Uploaded image for project: 'OpenShift Logging'
  1. OpenShift Logging
  2. LOG-7347

[Logging6.2.3][Vector] Vector crashes with BufferTooSmall and enters repeated CrashLoopBackOff, causing high-impact log loss across the cluster (even with disk buffer enabled)

XMLWordPrintable

    • Icon: Bug Bug
    • Resolution: Unresolved
    • Icon: Major Major
    • None
    • Logging 6.2.3
    • Log Collection
    • Incidents & Support
    • False
    • Hide

      None

      Show
      None
    • False
    • NEW
    • NEW
    • Bug Fix
    • Log Collection - Sprint 273, Logging - Sprint 274, Logging - Sprint 275, Logging - Sprint 276, Logging - Sprint 277, Logging - Sprint 278

      Description of problem:

      The Vector collector crashes with a BufferTooSmall error under certain log conditions and enters a repeated CrashLoopBackOff. This behavior results in high-impact log loss across the cluster, even though disk buffering with AtLeastOnce delivery mode is enabled.

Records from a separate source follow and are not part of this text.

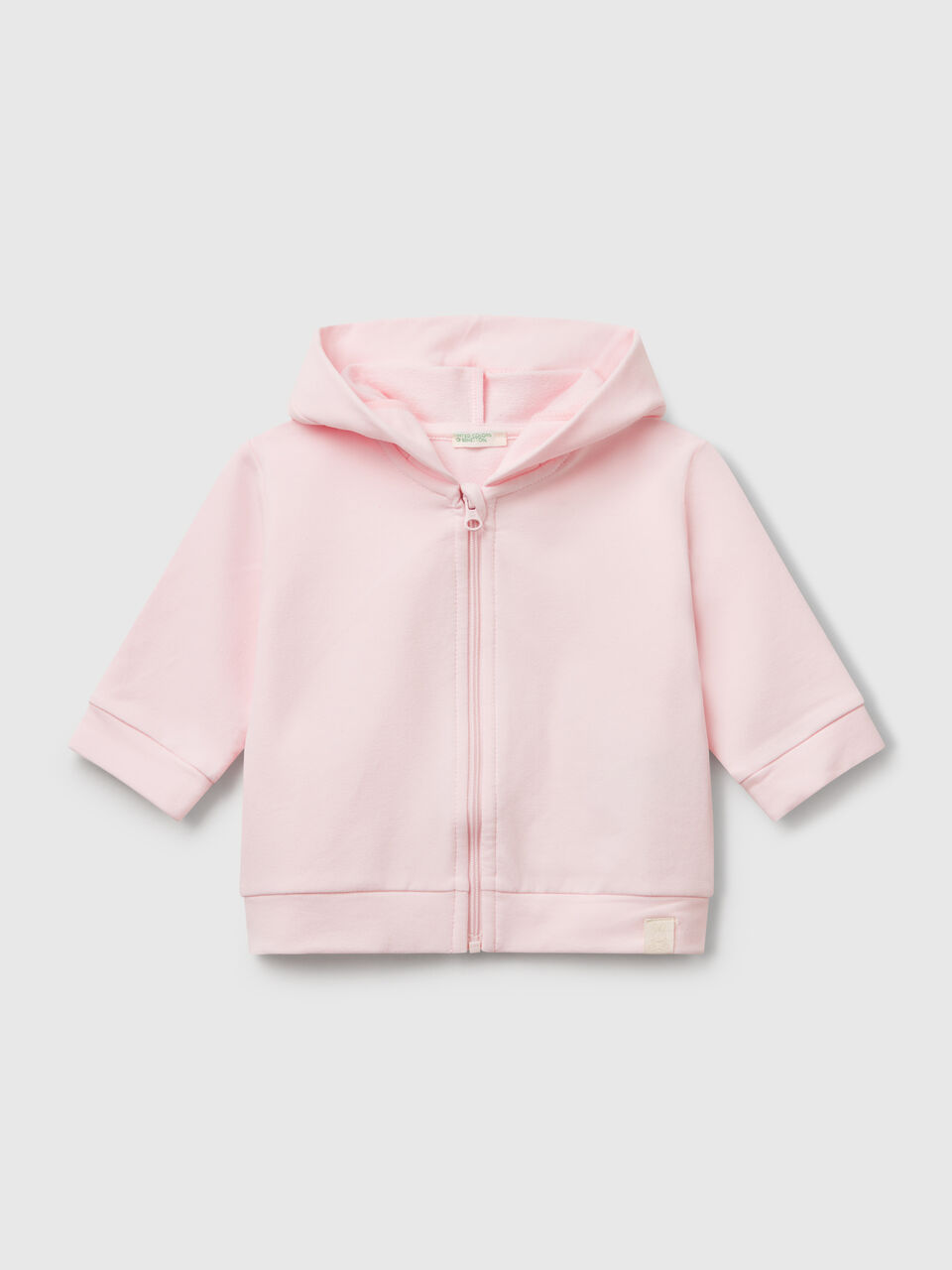 JACKET W/HOOD L/S Recién nacidos image number 1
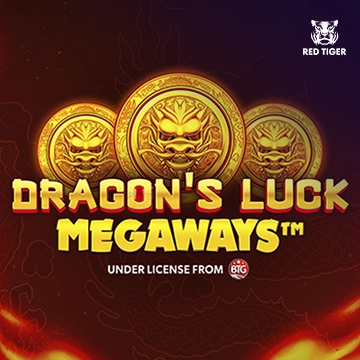 Dragons Luck Megaways - SUPERBET388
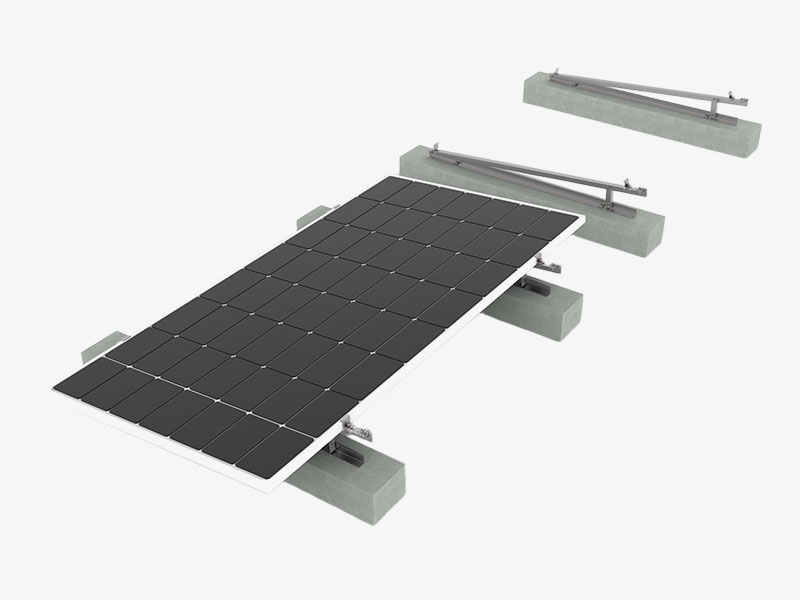 Flat Roof Mounting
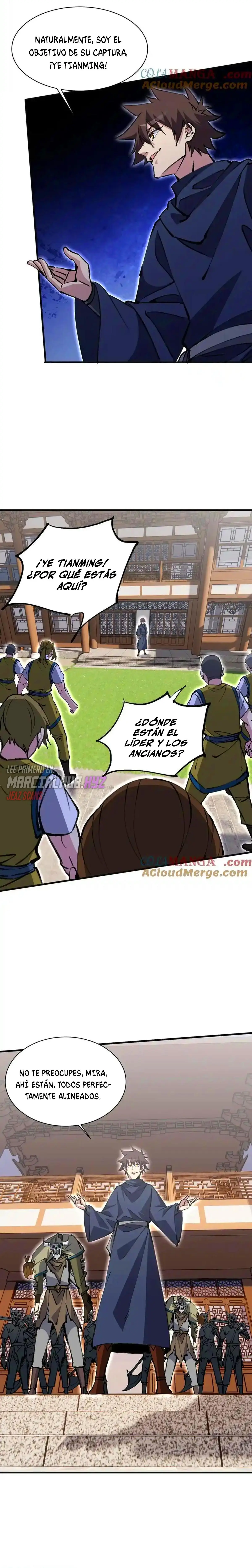 Las Diosas Son Mis Esposas Soy Invencible En El Juego En Linea > Capitulo 16 > Page 161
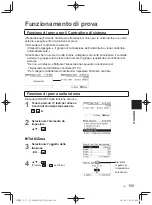 Предварительный просмотр 109 страницы Panasonic CZ-64ESMC3 Installation Instructions Manual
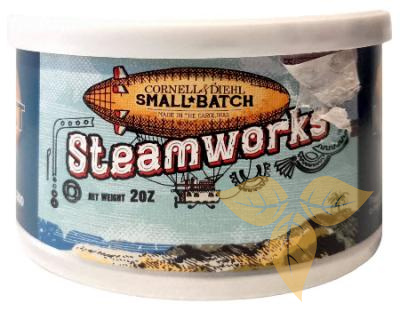 Cornell & Diehl Steamworks Small Batch фото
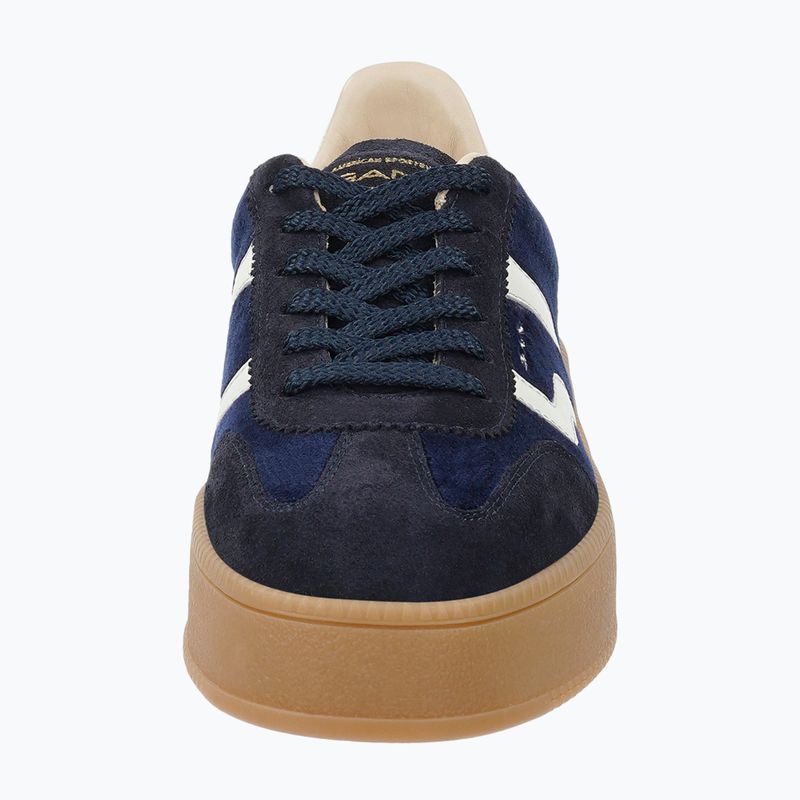 Női cipők GANT Cuzmani blue/off white 3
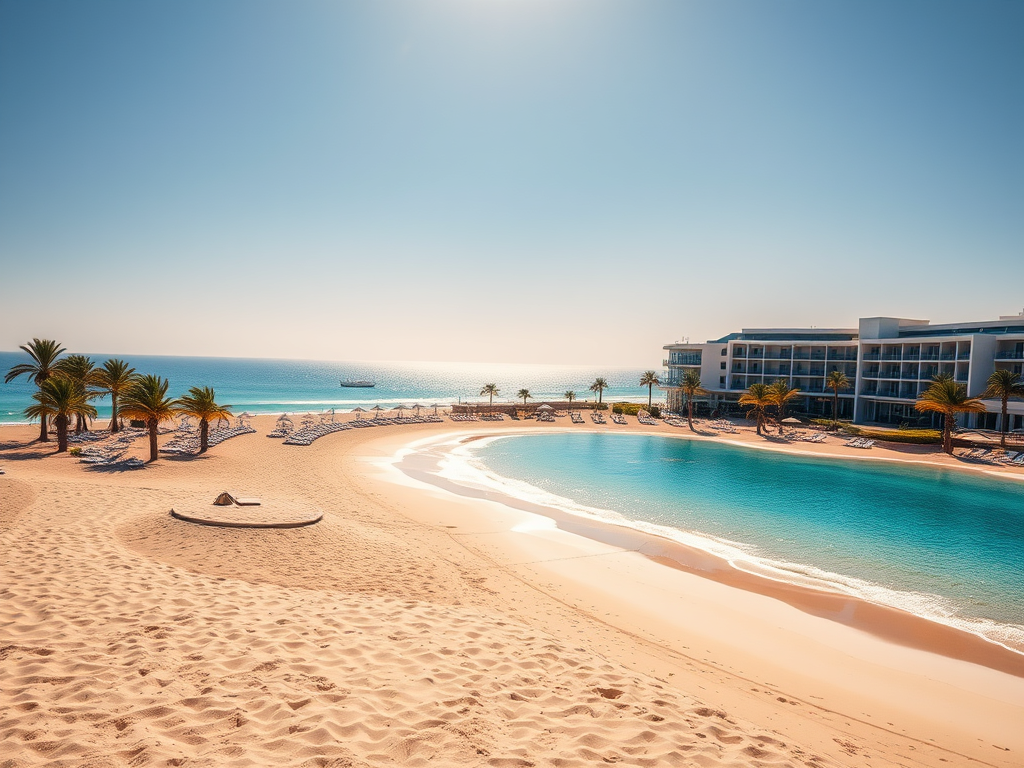 beach resort Fuerteventura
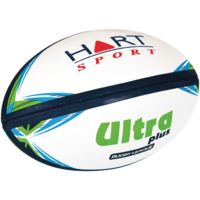 HART ULTRA PLUS RUGBY LEAGUE BALL - HIGHEST QUALITY RUGBY LEAGUE BALL (9-135)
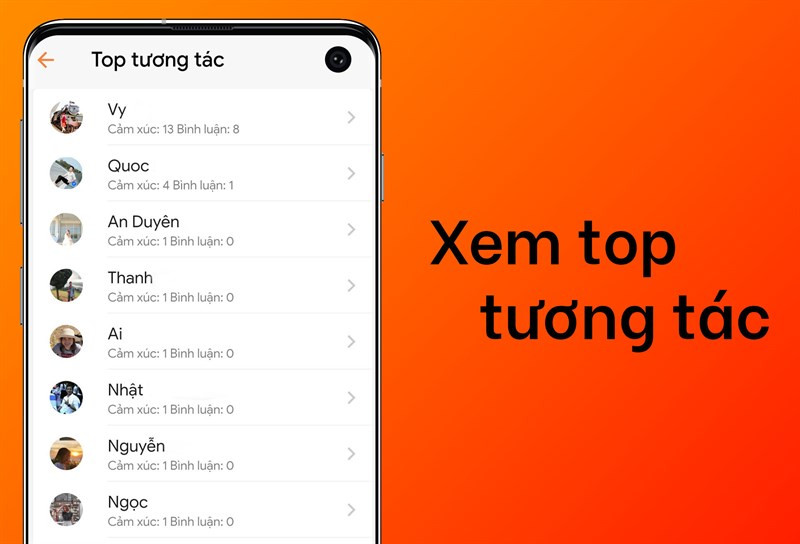 xem top tương t&aacute;c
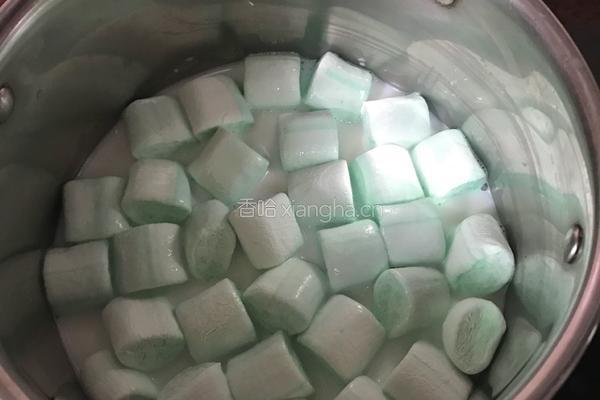 自制奶酪冰激凌的做法图解3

      This issue is critical because:

      • It affects logs from unrelated pods, not just the one generating large or frequent log lines.
      • It can be triggered by non-cluster-admin users, increasing the operational risk.

      The following error messages were observed at the time of failure:

      2025-06-27T05:51:48.013419Z ERROR transform{component_kind="transform" component_id=output_external_rsyslog_app_parse_encoding component_type=remap}: vector_buffers::topology::channel::sender: Disk buffer writer has encountered an unrecoverable error.
      2025-06-27T05:51:48.013497Z ERROR transform{component_kind="transform" component_id=output_external_rsyslog_app_parse_encoding component_type=remap}: vector::topology: An error occurred that Vector couldn't handle: failed to encode record: BufferTooSmall.
      2025-06-27T05:51:48.014013Z INFO vector: Vector has stopped.
      

      Vector restarted immediately, but some of application logs were lost although disk buffer(AtLeastOnce) had been enabled.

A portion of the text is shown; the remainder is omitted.